On Friday, April 3, JLF’s Jon Guze gave testimony to North Carolina’s General Statutes Commission. The commission has been tasked with examining local ordinances and determining if a pattern emerges that would justify creating any generally applicable state laws. Guze stated:

As Floyd Lewis explained at your February meeting, almost all of the local authorities and administrative agencies that were required to submit reports have done so. The result is a lot of reports—approximately 700 if I’m not mistaken. However, the sheer number of reports isn’t the main problem. As Mr. Lewis also explained, the reports vary widely in format, and—in many instances—in the reliability and helpfulness of the information they provide.

For the record, the John Locke Foundation has also reviewed those reports, and we concur with Mr. Lewis’s analysis. Given the current state of the crime reports, we don’t think it’s feasible for the Commission to make a final determination about whether any existing ordinance or regulatory crimes should be replaced with new statutory crimes

Rather than reformatting the submissions or extending the deadline, Guze recommended taking an entirely different approach:

In my view, the most constructive way forward would be for the Commission to recommend that the General Assembly relieve the Commission of its responsibility for determining whether any conduct currently criminalized by ordinance or regulation should be replaced by a generally applicable state law, and, instead, assign that task to a group of experts with the time and resources to carry it out properly. Given everything I’ve said up to now, you won’t be surprised to learn that I think the ideal group to undertake that task would be a criminal law recodification commission like the one recommended by Professor Smith…
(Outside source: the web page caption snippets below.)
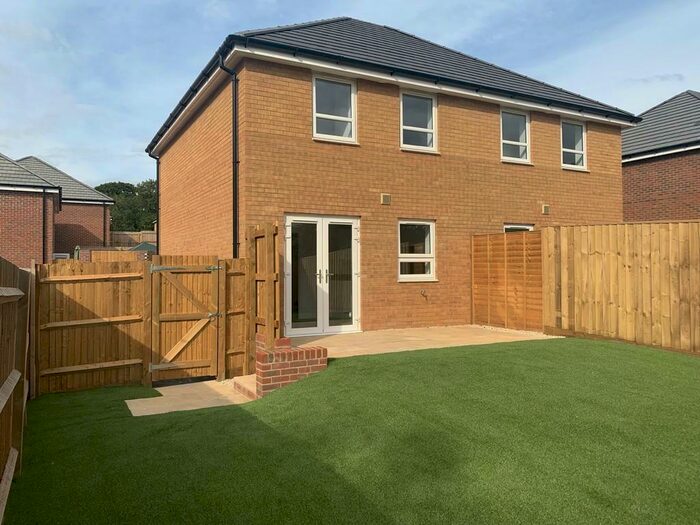 3 Bedroom Semi-Detached House To Rent In Wintergreen Gardens, Newport, PO30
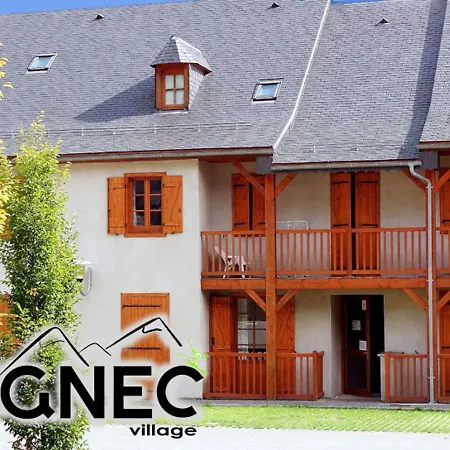 2 Pieces Renove Avec Piscine A Vignec, 6 Personnes - Fr-1-504-596
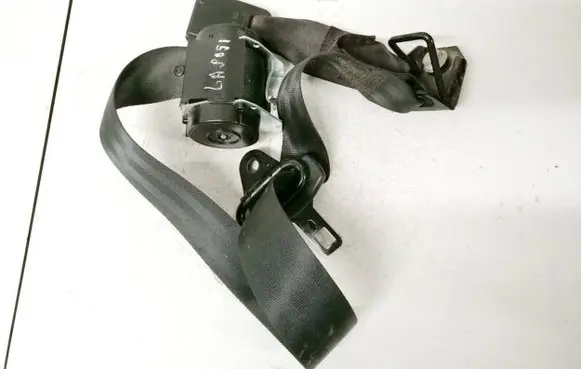 Middle seatbelt (rear)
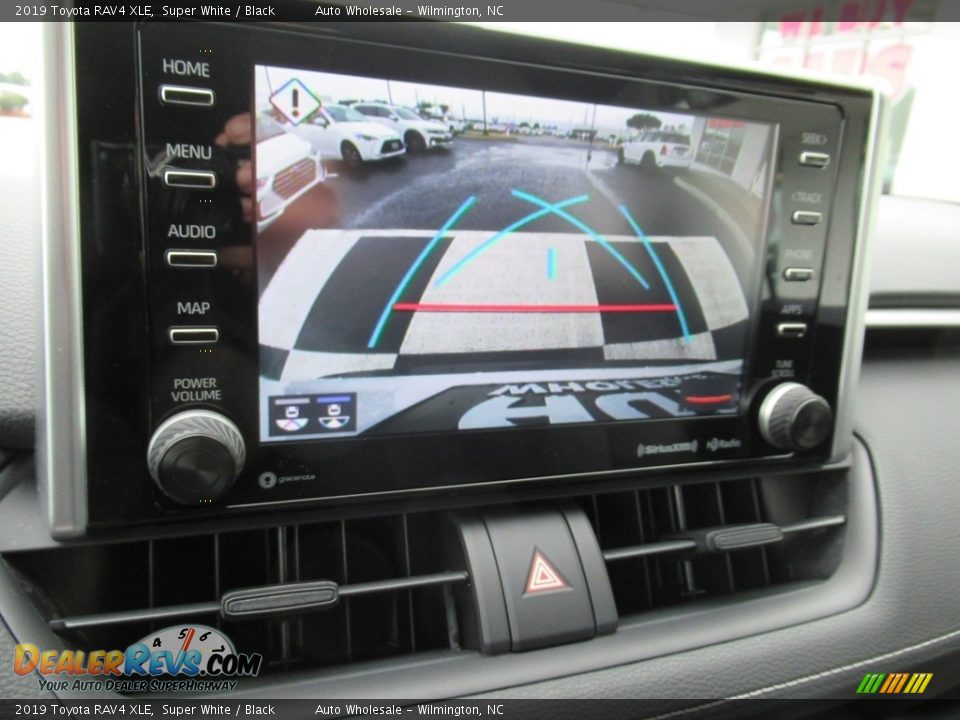 2019 Toyota RAV4 XLE Super White / Black Photo #18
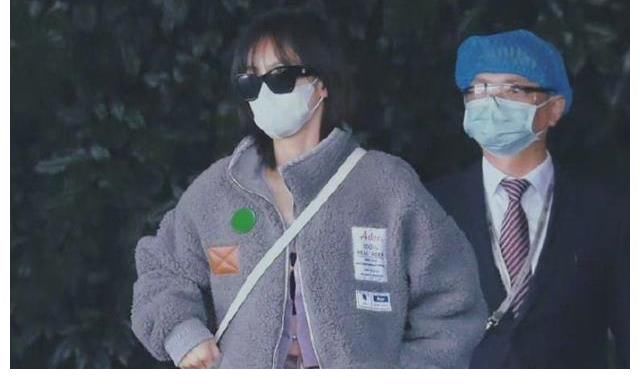 《快乐大本营》恢复录制,首期4位明星加入,现场饭拍图曝光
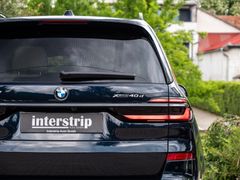 BMW X7 – 8 / 32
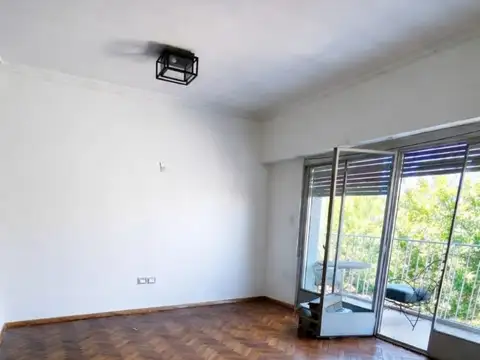 Casa 2 ambientes con 2 baños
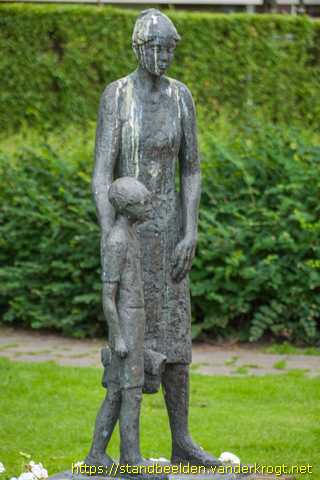 Roosendaal -  Franciscanes met leerling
For those of you who don’t know, Jessie is the W. R. Kenan Jr. Distinguished Professor of Public Law and Government at the University of North Carolina School of Government, and she is, unquestionably, the leading expert on the criminal law in North Carolina. In 2017, she released a report explaining how the multi-faceted problem described above could be solved through a systematic process of recodification. Her report was well-received by legislators from both parties; so much so that, near the end of the 2017 session, legislation was introduced to create a recodification commission along the lines she had recommended. The bill didn’t come to a vote, but it came surprisingly close, despite being a new initiative introduced late in the session.